As more electric vehicles hit the road, many Granite Staters are hoping more public charging stations will pop up, too. But in addition to the plugs and wires that deliver power to an electric car, those stations could also require upgrading parts of the grid – things like poles, wires, substations, and transformers – to provide electricity service in a location that hasn’t had it before, or to meet additional demand at that site.
That’s mostly what Eversource’s proposal – called a “make-ready plan” – will help with. The utility’s funds will work in tandem with a pot of money from a Volkswagen legal settlement dedicated to building charging stations across the state, along with capital from the developers of charging stations.
In 2019, a report commissioned by New Hampshire’s Department of Business and Economic Affairs highlighted “make-ready” investments by utility companies as the most commonly recommended policy that could help develop EV infrastructure in New Hampshire.
A commission convened by the state also recommended authorizing these utility-run programs in 2020.
None of the funds New Hampshire got from the Volkswagen program – about $4.6 million of which are going to EV charging infrastructure through an award program – are available for these programs that would enable utilities to update grid infrastructure for EVs. That’s been a barrier in the past for some towns hoping to install chargers.
In Gorham, Eversource estimated the cost of upgrades at more than $1 million, according to Melissa Elander, who works with North Country communities for the advocacy group Clean Energy New Hampshire, which supported Eversource’s proposal.
For Chris Skoglund, director of energy transition at Clean Energy New Hampshire, building out public charging using these kinds of supports is particularly important right now, as the number of electric vehicles on the road is projected to grow.
“For New Hampshire's economy, which is highly dependent upon travel and tourism, it's really important that we have a public charging network built out in advance. And currently, New Hampshire is a bit of an EV charging desert,” he said.
New Hampshire has also submitted a plan for $17 million in federal funding from the National Electric Vehicle Infrastructure program.

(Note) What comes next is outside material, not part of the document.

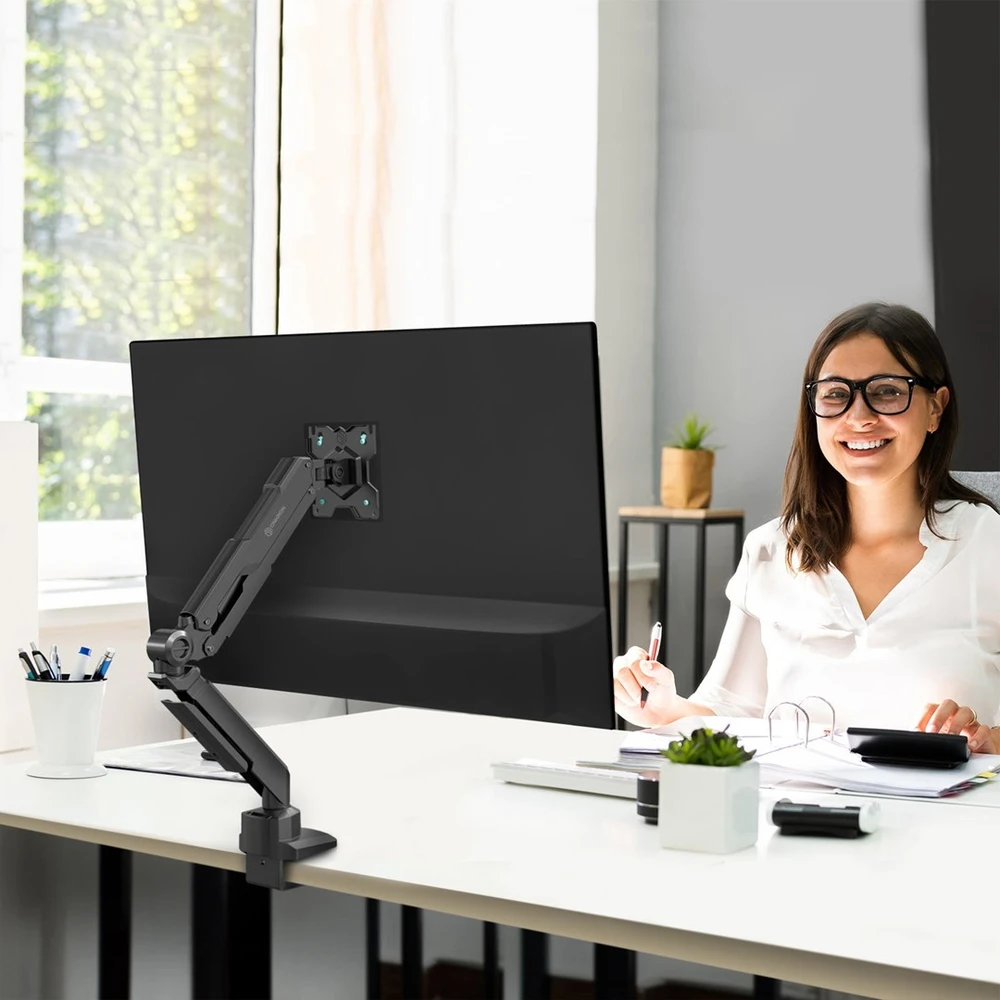 ONKRON G90-B Pasukamas ir pakreipiamas stalo laikiklis 13–34 colių monitoriams, maks. 10 kg, su rotacija, juodas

State regulators rejected a similar proposal from Unitil in May that also totaled more than $2 million, though that utility has a smaller territory than Eversource. Then, they expressed concern that EV charging would only benefit Unitil’s wealthier customers, and worried that the utility’s charging stations could compete with those built by businesses or municipalities.
In their order approving Eversource’s plan, commissioners said the difference with Eversource’s plan is that there’s a clear cap on expenses, and it’s proportional to the company’s large customer base.